L'artista piacentino, dunque, sta vivendo un momento di difficoltà: "Ci sono problemi di comunicazione - ha constatato Casali - sia tra gli artisti, sia fra l'artista e il pubblico, a causa della mancanza di mediatori. I linguaggi si evolvono, sempre più eterogenei, le mode passano alla svelta: l'artista piacentino è sempre più solo". Solitudine forzata? Secondo Armodio e Gazzola, si tratta di un problema insito nella natura stessa dell'artista: "Qui a Piacenza c'è stato un tentativo di associazione da parte degli artisti; un tentativo dovuto al fatto che, anche in passato, per un motivo o per l'altro ben pochi sono stati coloro che li hanno tenuti in considerazione o si sono rivolti a loro in merito a questioni che toccavano la vita culturale della città. Associandosi gli artisti volevano far sentire la loro voce, la loro presenza. Fallito quel tentativo, ognuno di noi ha seguito la propria strada".
Un dibattito senza scosse, nostalgici ricordi e pareri pacati finché a prendere la parola è stato un, fino a quel momento silenziosissimo, Luigi Baggi.
"Ho sempre sognato di dire, un giorno, qualcosa di importante. Questo tavolo, stasera, non sta dicendo nulla. Perotti ha affermato che l'arte, con la cultura, c'entra poco: siamo qui a disquisire di ricordi, e non diciamo nulla; c'è qualcuno che ha parlato in modo approfondito della scuola piacentina? No, solo ricordi. Se la cultura non serve all'arte noi artisti non dobbiamo permetterci di stare qui a raccontare storie al pubblico: il nulla che si sta dicendo qui è indicativo del vuoto in cui viviamo".

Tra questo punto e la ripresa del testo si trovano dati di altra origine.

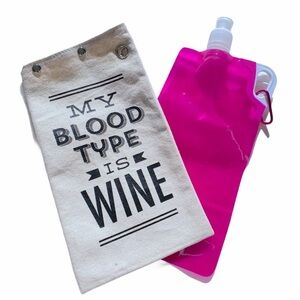 My Blood Type Is Wine 🍷 Bogata Bag Reusable Flask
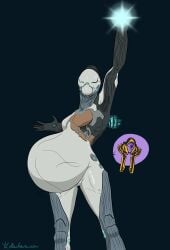 belly_bulge citrine_(warframe) hyper hyper_belly inserting kakukaracza nova_(warframe) oral_vore prey prey_bulge prey_outline prey_shaped_bulge vore vore_belly vore_comic vore_sex warframe warframe_(species)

Sentendosi direttamente chiamato in causa, Perotti ha prontamente replicato esponendo il suo punto di vista in merito al significato dell'arte: "Ribadisco: non è la cultura a produrre l'opera d'arte. E' da un miracolo che nasce la vera opera d'arte; è magia, è qualcosa di indefinito che sa colpire e toccare in profondità le corde dell'animo umano. Arte è avere qualcosa di bello dentro, ed essere in grado di esprimerlo".
Da questo piccolo scontro tra poetiche, Fugazza ha colto l'opportunità di sottolineare come, al giorno d'oggi, uno dei problemi più urgenti per l'artista sia costituito dall'estrema eterogeneità dei linguaggi: "In passato il pubblico per così dire "medio" apprezzava e capiva il tipo di arte apprezzata dagli intellettuali, che fungevano da guida. Oggi il pubblico medio si trova in gran confusione: alcuni artisti valorizzano l'oggetto, altri lo dissolvono; alcuni parlano di arte - miracolo, altri di arte - produzione".
Secondo Perotti, la grande varietà di linguaggi è un'arma a doppio taglio: "Il fatto di non essere più legati, per essere apprezzati, ad un'estetica precisa, è una grande conquista: ognuno è libero di arrivare a creare arte seguendo la propria strada. D'altro canto non avere canoni estetici precisi cui far riferimento, conduce talvolta l'artista a rinchiudersi in un suo piccolo mondo: fatto, di per sè, limitante".
Domande dal pubblico? Soltanto una. Poi, tutti a casa.